Once the line with "Funny Roosters Crowing" is reached, output it and every line after it, exactly, through the end of the records below. Pictures are skipped.

═══ DATA FOR THIS EXERCISE ═══

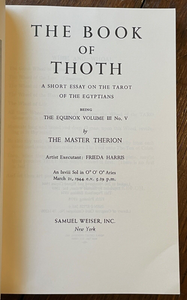 BOOK OF THOTH EGYPTIAN TAROT - Aleister Crowley, 1978 - MAGICK DIVINATION OCCULT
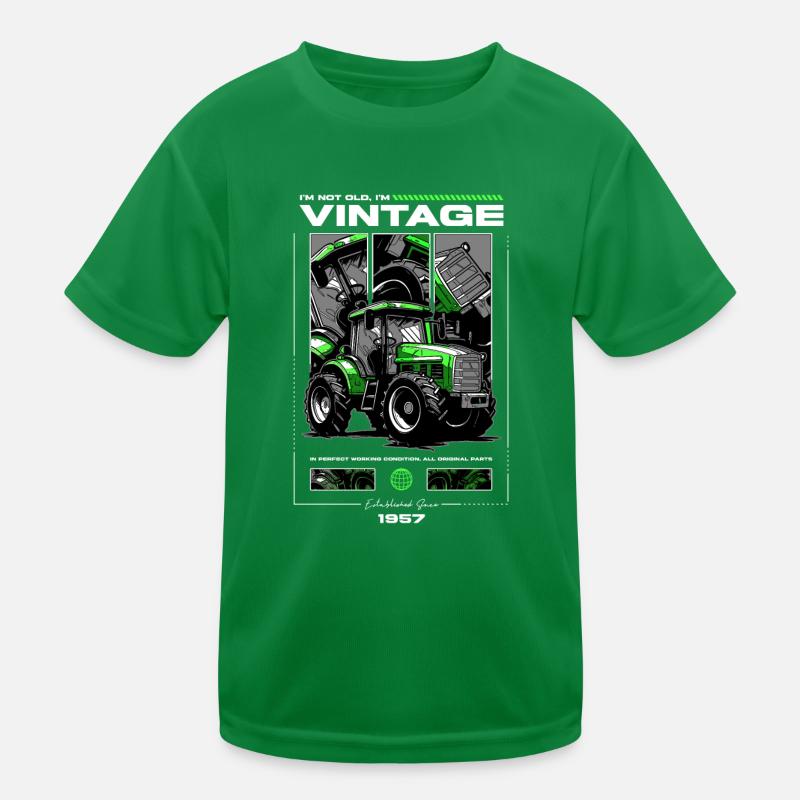 Oldtimer Traktor Bauer Geburtstag Jahrgang 1957 Kinder Funktions-T-Shirt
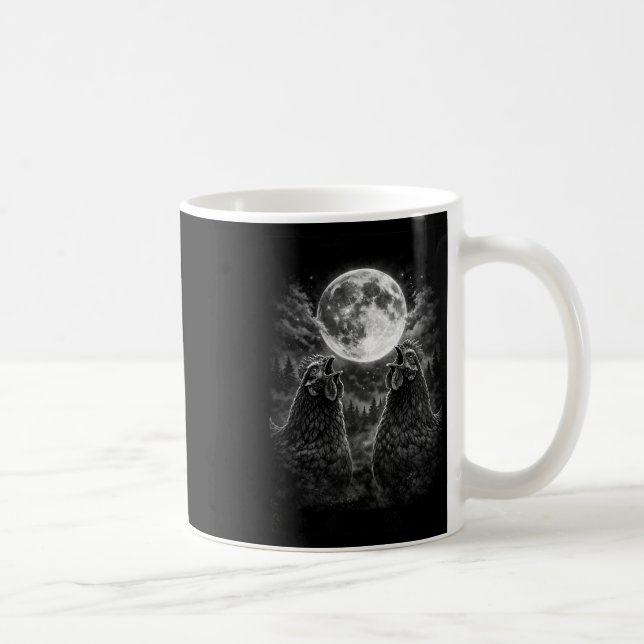 Funny Roosters Crowing At The Moon Celestial Chick Coffee Mug (Right)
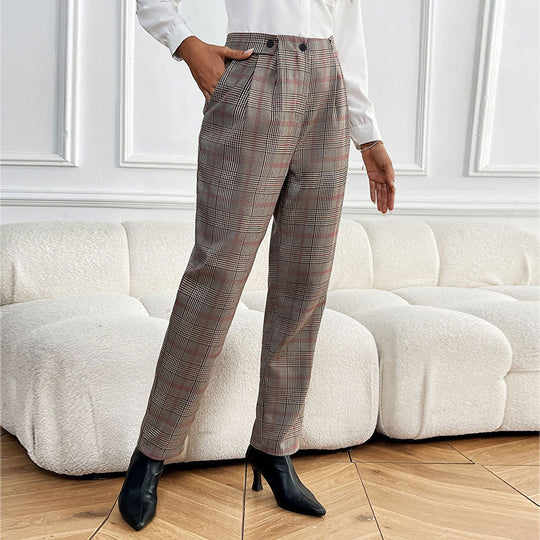 Damen Karierte hochtaillierte Bundfalten-Hose mit geradem Bein Shop Nory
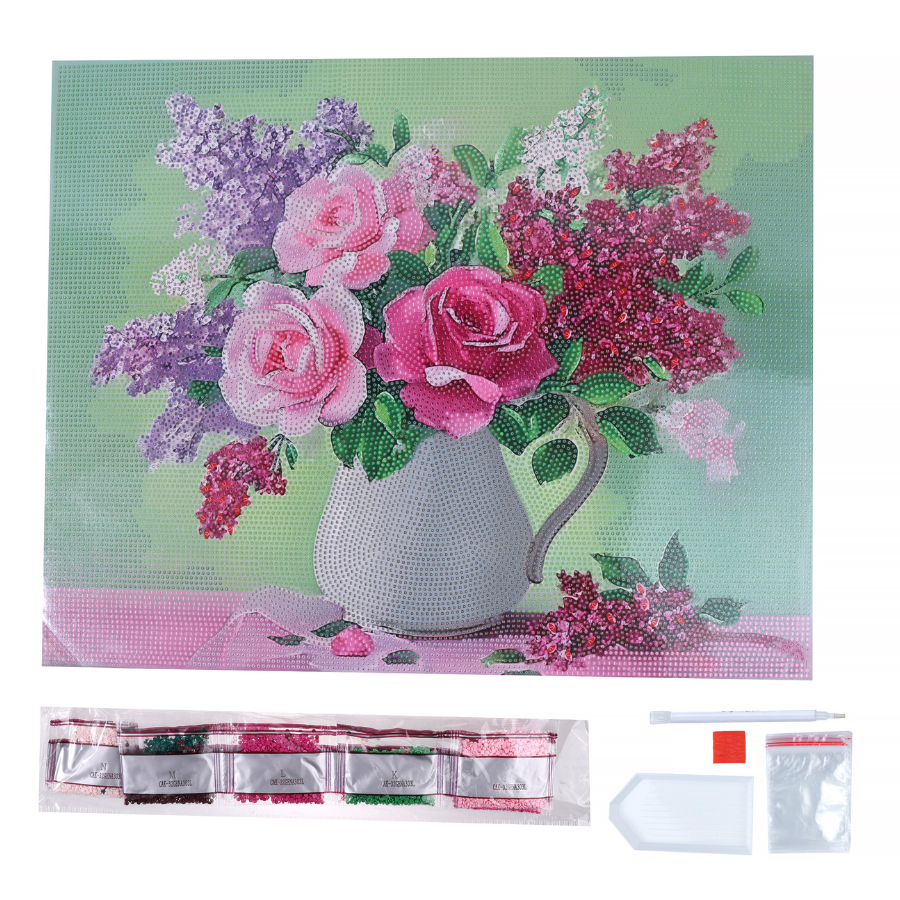 Rose & Lilac Harmony Crystal Art Framed Canvas Kit 50x40cm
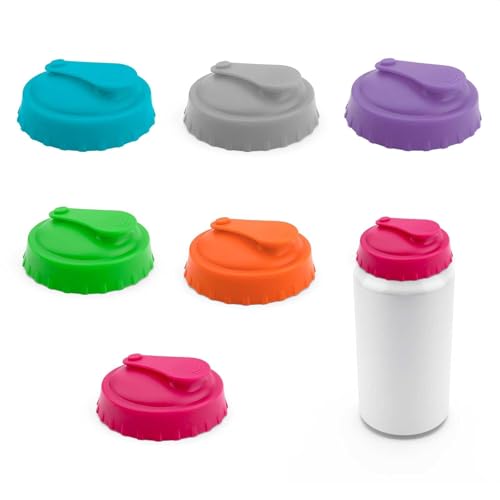 HERKINDNESS Getränkedosen Verschluss, 6 Stück 63 MM Deckel für Trinkdosen, Silicone Dosenverschluss Getränkedosen, für Outdoor Aktivitäten, Picknicks, Partys, Angeln von HERKINDNESS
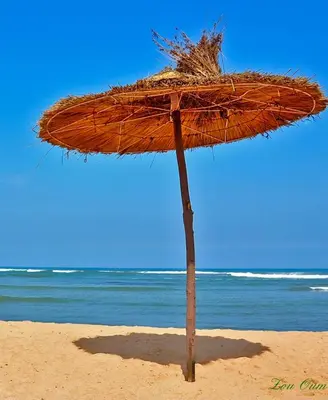 a straw umbrella on a beach with the ocean at Idéal séjour Cozy aprt bouznika piscine et plage in Bouznika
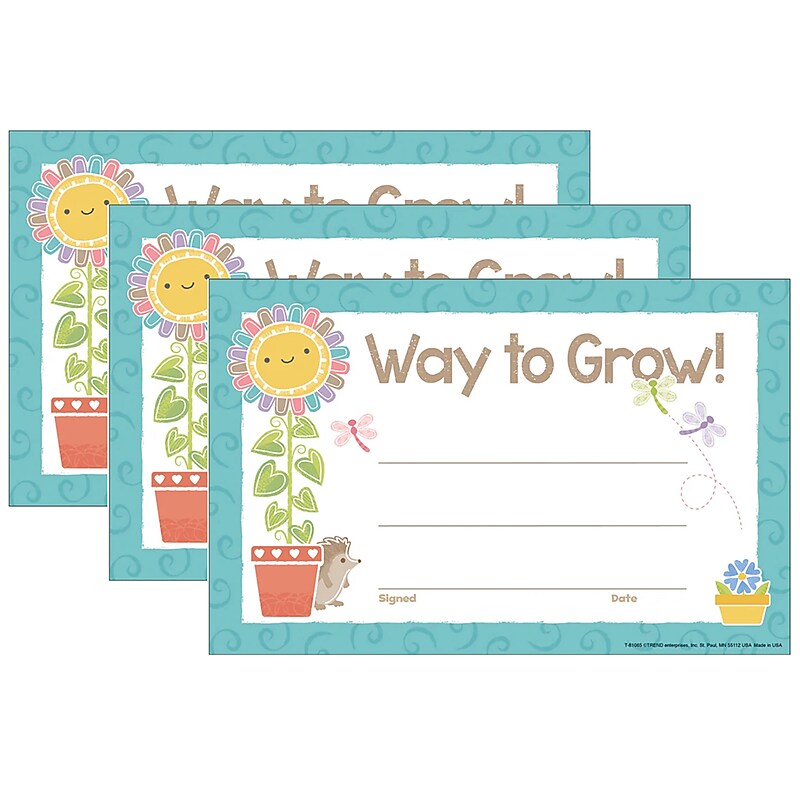 Trend Enterprises Way to Grow Good to Grow Recognition Award, 5.5" x 8.5", Multicolored, 30/Pack, 3 Packs/Bundle (T-81065-3) image 1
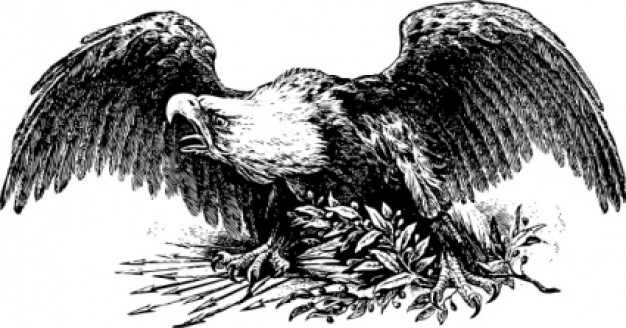 War Eagle clip art in side view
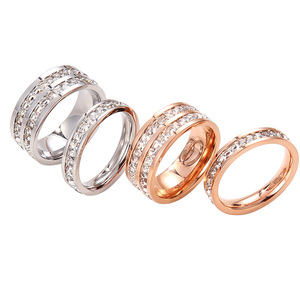 Anel de titânio de aço cheio de diamante, para casal, para casal, unissex, fileira dupla, de diamante, anel de noivado - Product Image 5
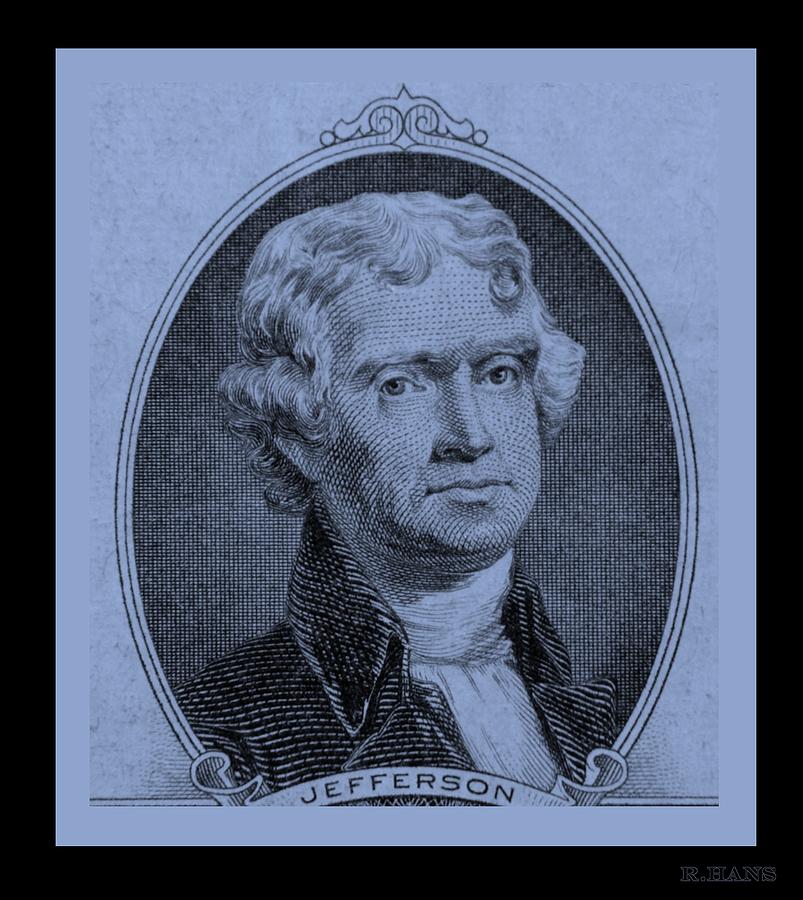 THOMAS JEFFERSON in CYAN Photograph by Rob Hans
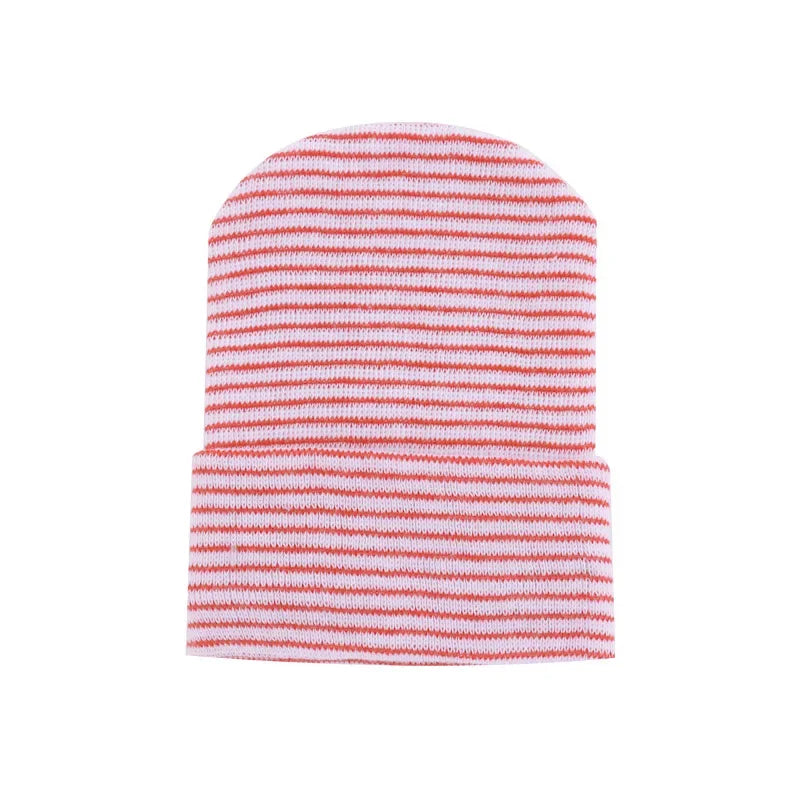 Cute Newborn Baby Hat Infant Girl Boy Comfy Striped Hospital Cap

═══

* _RESPONSE FOR THIS EXERCISE_
 Funny Roosters Crowing At The Moon Celestial Chick Coffee Mug (Right)
 Damen Karierte hochtaillierte Bundfalten-Hose mit geradem Bein Shop Nory
 Rose & Lilac Harmony Crystal Art Framed Canvas Kit 50x40cm
 HERKINDNESS Getränkedosen Verschluss, 6 Stück 63 MM Deckel für Trinkdosen, Silicone Dosenverschluss Getränkedosen, für Outdoor Aktivitäten, Picknicks, Partys, Angeln von HERKINDNESS
 a straw umbrella on a beach with the ocean at Idéal séjour Cozy aprt bouznika piscine et plage in Bouznika
 Trend Enterprises Way to Grow Good to Grow Recognition Award, 5.5" x 8.5", Multicolored, 30/Pack, 3 Packs/Bundle (T-81065-3) image 1
 War Eagle clip art in side view
 Anel de titânio de aço cheio de diamante, para casal, para casal, unissex, fileira dupla, de diamante, anel de noivado - Product Image 5
 THOMAS JEFFERSON in CYAN Photograph by Rob Hans
 Cute Newborn Baby Hat Infant Girl Boy Comfy Striped Hospital Cap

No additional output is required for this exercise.